His successful defence of the First Defendant in the three week £2.5 million High Court Lonmar trial came despite not calling his client to give evidence. The judgment of Mr Justice Hickinbottom was the latest word on the duty of fidelity and the required elements of the torts relevant to these cases.
Such trials often, but not always, result from an initial application for injunctive relief: as to which please see "Injunctions”. The exceptions to this are illustrated by cases such as El-Hajjali which involved consideration of penalty clauses in contracts of employment.
Many of Chris’ cases arise from a commercial relationship other then one of employment. He recently acted for a management company against a celebrity chef and was also instructed in the first case to consider the status of monies paid under a telephone direct debit scheme.
His expertise in High Court trials generally is reflected by his success in a solicitor's negligence claim in Yousefi v SJ Solicitors.
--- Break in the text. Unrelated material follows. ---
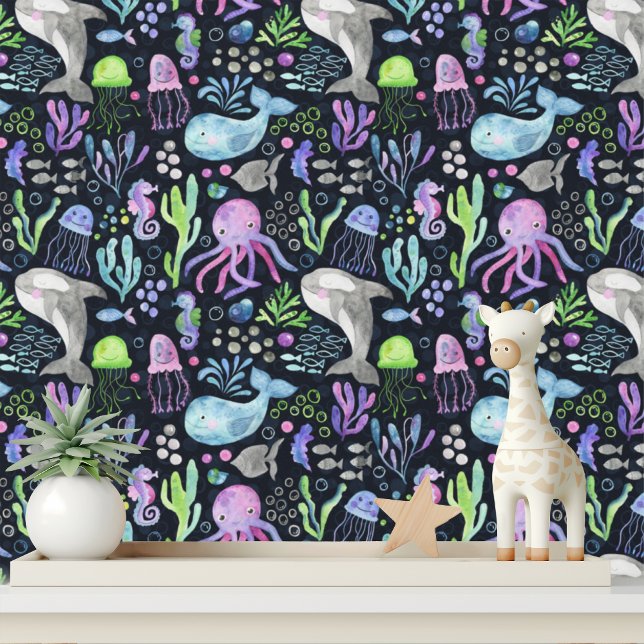 Papier Peint Mer Cute Océan Animaux Baleines poulpe méduse (Créateur téléchargé)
Chris also has extensive experience before the Court of Appeal. In 2009 he succeeded in the land-mark case of Booth v Oldham MBC which is now the leading authority on the inter-relationship between the Disability Discrimination Act and the Local Government Pension Regulations
Chris has been instructed in many of the most noteworthy City discrimination claims on behalf of both Claimants and Respondents and he continues to be. One recent example of such a case is his representation of the former parliamentary sketcher writer for the Daily Telegraph, Andrew Gimson.
Historically, the most well-known of these is probably the "Gay Banker” case (Lewis v HSBC) in which Chris was instructed alone against both Andrew Hochhauser QC and Thomas Linden QC. This may be followed closely by his successful appeal in Serco v Redfearn which established that members of the British National Party could not rely upon the Race Relations Act.
He is frequently instructed in such high-value claims and has acted both for and against many of the leading City institutions.
Chris’ credentials in discrimination cases are reflected by his instruction in Booth v Oldham MBC (inter-relationship between DDA and Local Government Pension Regulations) and in GMB v Allen where he succeeded in establishing that a trade union had discriminated against its female members on the ground of their sex.
In 2010 Chris acted successfully for a major law firm resisting two high-value discrimination claims. In 2011 he was instructed in four similar cases, twice on behalf of the Claimant and twice on behalf of the Respondents. A similar pattern occurred in 2012. One of these cases was his successful defence of a six-figure victimisation claim brought by a previously successful claimant in Saiger v General Healthcare Limited.
Chris has extensive experience of statutory employment claims in the Employment Tribunal, the Employment Appeal Tribunal and the Court of Appeal, most recently in the successful appeal in Bates van Winklehof v Clyde & Co LLP which establsihed that LLP members cannot bring whistleblowing claims.
He acts for both Claimants and Respondents in all areas of statutory employment claims. His recent appellate cases reflect the breadth of his expertise ranging as they do from a successful TUPE appeal in Nationwide Building Society v Benn  IRLR 922 to a successful appeal against a finding of unfair dismissal in Celebi v Compass.
Chris is instructed in a large number of whistle-blowing claims- an area which often calls for extensive cross-examination skills given the issue of good-faith which is so frequently fundamental to such claims.
Applications for Interim Relief are another specialism.
Chris is regularly instructed in a broad range of civil disputes including a number of disciplinary and regulatory claims where a robust approach is sought by solicitors and their clients.
Chris is also regularly instructed in sports, media and entertainment cases and his experience extends to the Court of Arbitration for Sport in Geneva. He has appeared in many of the domestic sporting tribunals. Recent cases include Lawrie Sanchez v Barnet FC in which he successfully defended a football club against a claim of unfair dismissal.
Chris' expertise also leads to him being instructed on behalf of solicitors, law firms and even barristers on their own behalf.